NOSTALGIA fan Barbara Marshall tells me she loves reading the amusing old Lanky-twang tales appearing regularly on this page . . . "cuz I were browt up on it!" And she provides a couple of superb memory-jerkers of her own.

What, asks Barbara, has happened to the long wooden benches to be found in the old-time chip shops, a handy perch to squeeze on while the fish and chips were being fried.

And she also sweeps back to the 1940s and 50s in recalling the council's mucky grid-cleaning ritual, bringing kiddies flocking to the gutters in search of 'treasure'.

"Do you remember, too," she asks, "when we mainly visited the chippie on 'Bally Ann' day (the day when family finances had almost petered out) because it provided the cheapest meal available? How times - and prices! - have changed. Now we have to go on pay day!"

Chip shop queues were often long and slow moving..."but when you managed to eventually find a place on the wooden bench you knew you were well on your way to being served.

"These benches were something of a community item, as well", recalls Barbara, "Anyone living along the street who happened to be throwing a party would borrow the chippie bench when they hadn't enough chairs to go round".

Continuing the lip-smacking topic, she says: "I wonder what today's chip shop owners would make of it if we turned up with a pile of plates wrapped up in a tea towel? This was once the norm, and the biggest plates in the house were takenin the hope of getting loads of chips for our money."

Barbara skips on to a more sombre subject. At one time, neighbours would customarily draw their curtains when someone from the street had died. "I know this is supposed to be a sign of respect", Barbara observes, "but respect for what?"

It might well have been intended to offer privacy to the bereaved family, she adds. Yet, especially in bygone times, any privacy was invaded when the hearse rolled up and all the street came out to gape.

Another macabre tradition, which I personally recall, involved inviting neighbours to view the dear departed, customarily laid out in the front parlour.

Now, back on to a more cheerful note. "We must have had a sad childhood in the 1940s and 50s", says Barbara, "because a major highlight of the day was the arrival of the grid cleaner. We watched in fascination as the rubbish was removed. Obviously, hygiene was not a priority, because when the truck drove off, we kids would delve in the muck left behind, to see what we could retrieve.
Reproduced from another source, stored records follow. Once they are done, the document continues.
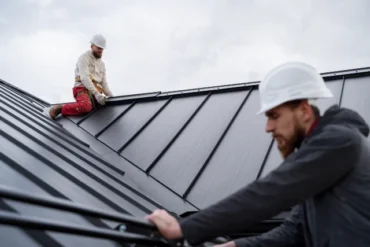 Two construction workers on a metal roof, wearing white hard hats and work attire. One focuses on installing roofing material; the other secures a ladder, under a cloudy sky.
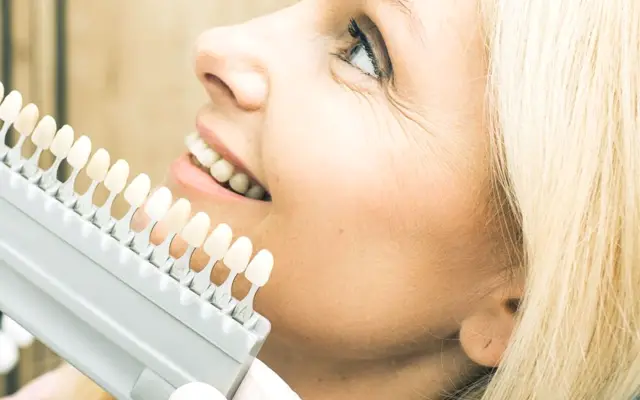 Smiling patient as the dentist matches her tooth shade for veneers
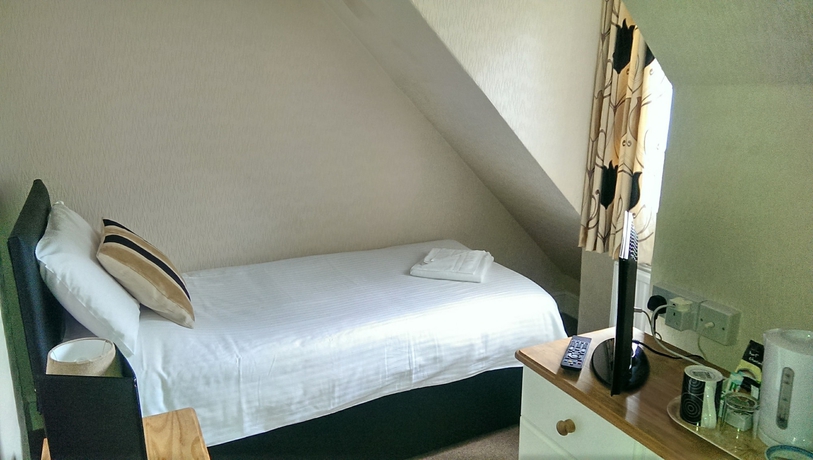 Imagen de la habitación del Hotel Tusker Lodge. Foto 6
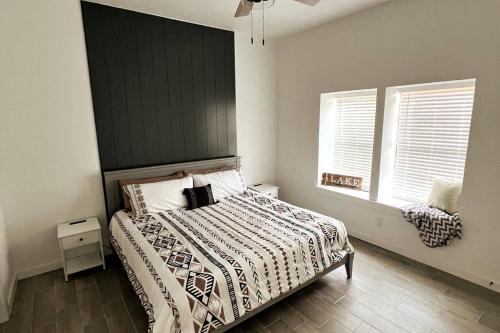 - une chambre avec un lit avec une tête de lit noire et 2 fenêtres dans l'établissement *NEW* Breathtaking Lakeside #1 Home, à Porum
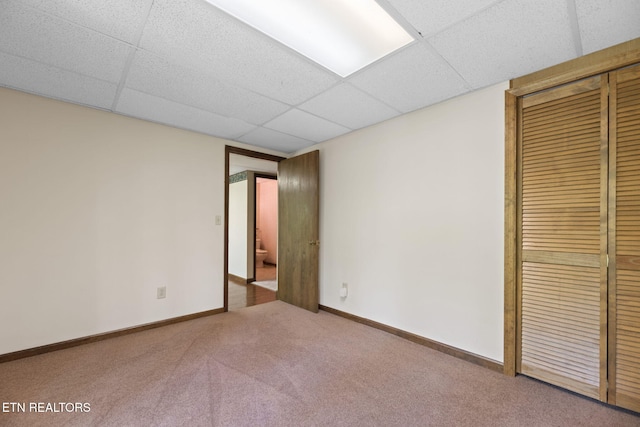 unfurnished bedroom featuring baseboards, carpet, a closet, and a drop ceiling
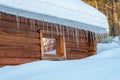 Icicles hanging from the roof of the house. Melting snow on the roof. Dangerous sharp transparent icicles hanging on the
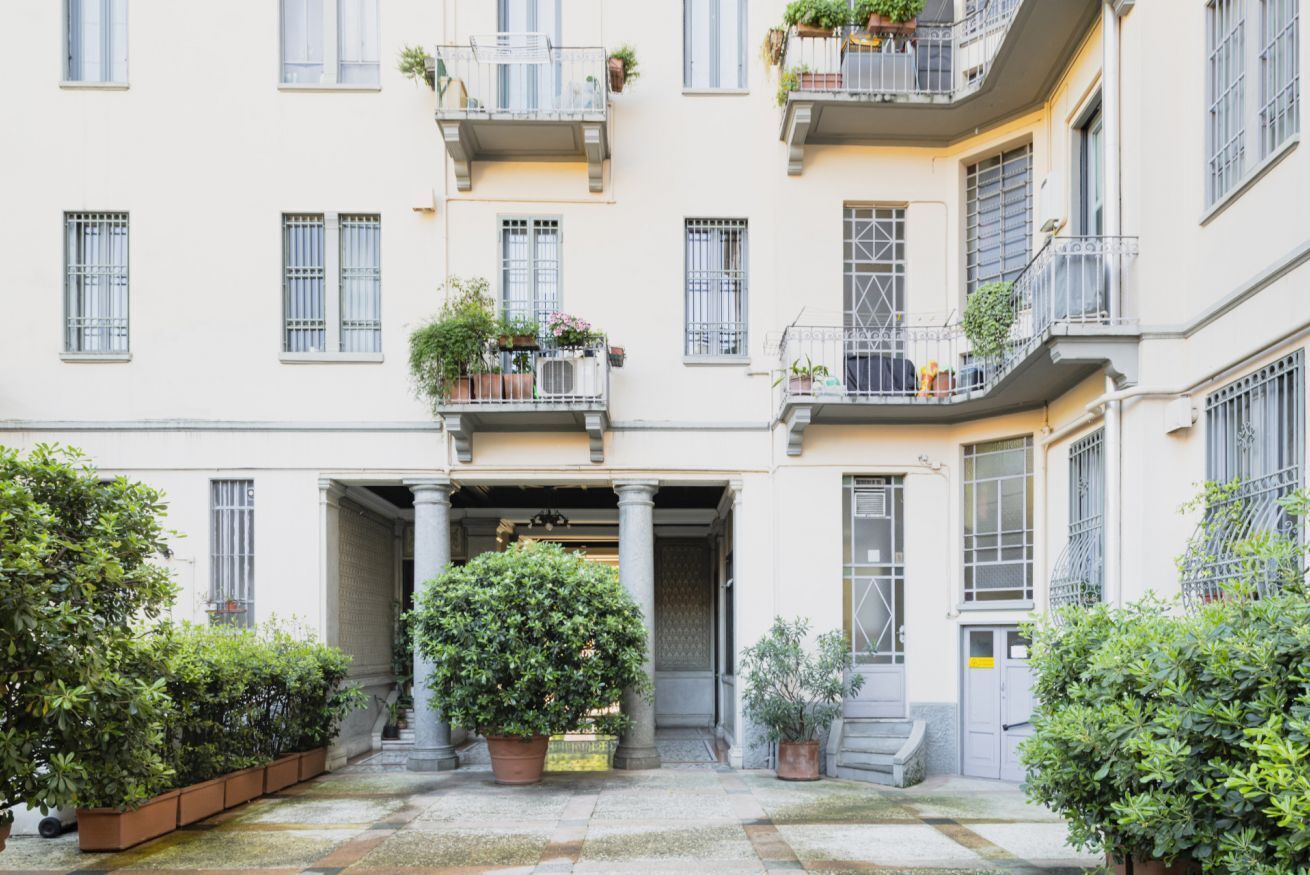 A multi-story building with balconies, potted plants, and a central entrance.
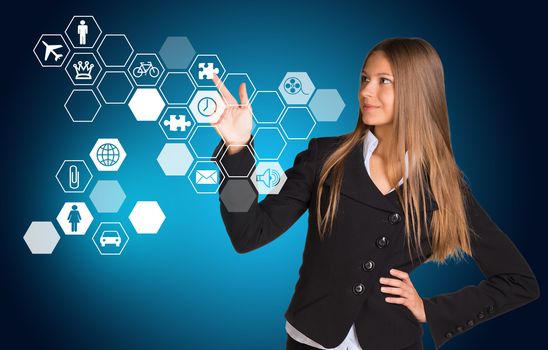 Beautiful businesswoman in suit presses finger on virtual icon. Hexagons with icons in background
Usually a treasured stoney long-lost, but not forgotten, down the grid".

Reflecting on hot summer days of childhood, Barbara wonders how many folk can remember getting a good hiding from mother after playing at bursting bubbles of melting gas tar, oozing from stone-slab gutters and cobbled street surfaces.

"Invariably, the tar ended up all over hands and clothing, and your mam had to rub margarine on it to remove the stuff. But not before giving you a clip around the ear-hole for playing in the tar, after you'd been warned of the consequences".

MANY thanks, Barbara, for those recollections from a more innocent age.